Saturday morning jabbering

Chris-hayes-memorial-day


Most weekend mornings, Partner and I watch a program called “Up with Chris Hayes.” Chris is a bright-looking young man with hipster glasses, who moderates one of those political-panel shows featuring people you’ve never heard of discussing issues of the day.

 

 

The problem on Chris’s show is that nothing really gets said.

 

 

Chris himself is a big part of the problem. He’s a jabberer. He’s obviously very bright, but he asks questions that turn into ten-sentence essays, and he continually interrupts himself, talking at top speed, because his mind is (obviously) working so very very quickly.

 

 

Unfortunately, his guests (consciously or unconsciously) follow suit. They jabber, and interrupt themselves, and one another. It’s like listening to dogs barking at one another in an animal-rescue facility.

 

 

Also, Chris does not necessarily invite the best or most compelling guests to his show. A while back he had Michael Ian Black on the panel, to discuss immigration issues. Michael Ian Black is a comedian / actor / performer, okay? He’s quite bright, I’m sure; he even co-wrote a book with Meghan McCain, for whatever that’s worth. I’m not sure, however, that he had anything powerfully compelling to contribute to a discussion about immigration rights. Also, back a few months ago, Chris had Mike Daisey on several weeks in a row to discuss Chinese factories, and the terrible conditions therein. Daisey claimed he’d been there and taken all kinds of direct testimony from people. Guess what? Daisey lied about many of the details. When confronted with this, he responded that he was a performer, not a journalist.

 

 

Around eleven o’clock on a recent Saturday morning, I went to the health club, and turned on the treadmill television, and saw Melissa Harris-Perry was on, and I sighed with relief. Her show is a lot like Chris Hayes’s show, with the following exceptions:

 

 

-        She speaks deliberately, in complete sentences.

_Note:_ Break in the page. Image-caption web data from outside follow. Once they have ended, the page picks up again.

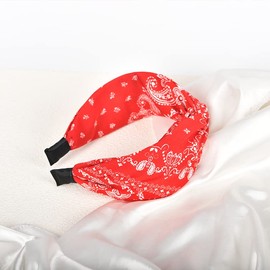 Red Bandana Headband Knotted Headbands for Women Cross Knot Headband Boho Hairband Bandana Head Bands for Women's Hair Non Slip Twist Knot Headband Paisley Headbands Turban Knotted Headband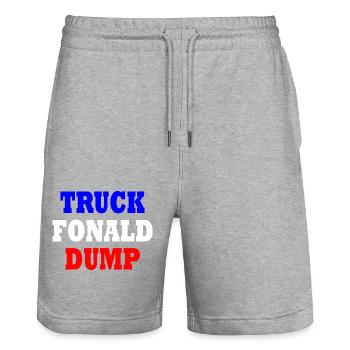 truck fonald dump - Stanley/Stella Trainer Unisex Organic Jogging Shorts - heather grey - Front - Nik (191cm) & Marisol (170cm)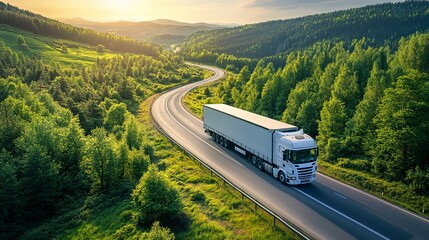 A Lone White Semi-truck Journeys Along A Winding Road Through A Lush Green Landscape Bathed In The Golden Light Of A Setting Sun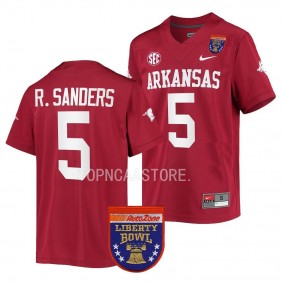 Arkansas Razorbacks 2022 Liberty Bowl Raheim Sanders #5 Cardinal Men's College Football Jersey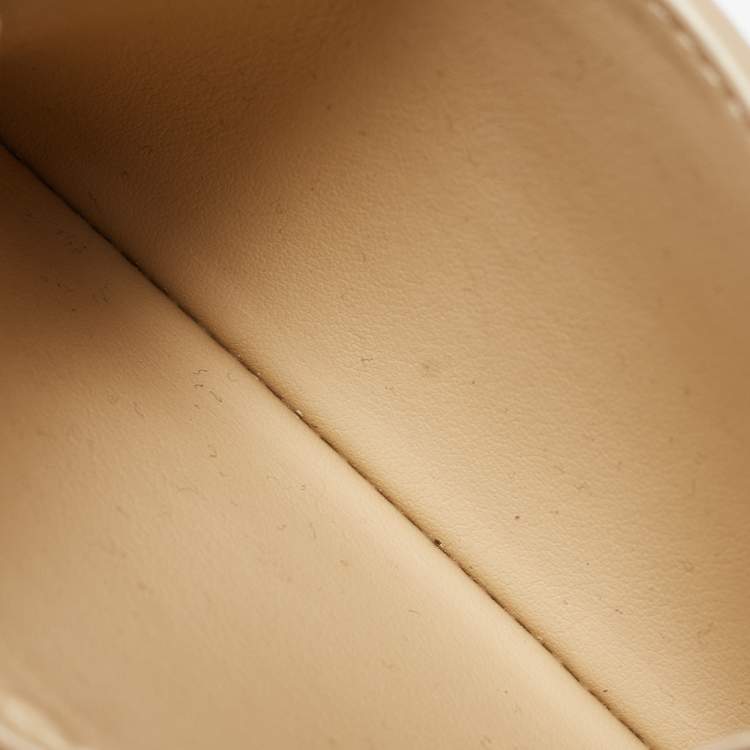 Pre Owned Bottega Veneta Cream Intrecciato Leather Cassette Flat Card Holder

-        Her guests (mostly) speak deliberately, in complete sentences.

-        Her guests (who on that morning included a former Cabinet official, a real journalist, and a professor) seem qualified to speak to the issues at hand.

 

 

It was a genuine pleasure to listen to her and her guests.

 

 

Chris Hayes, if you’re reading this: take a look at Melissa’s show. You might learn a thing or two.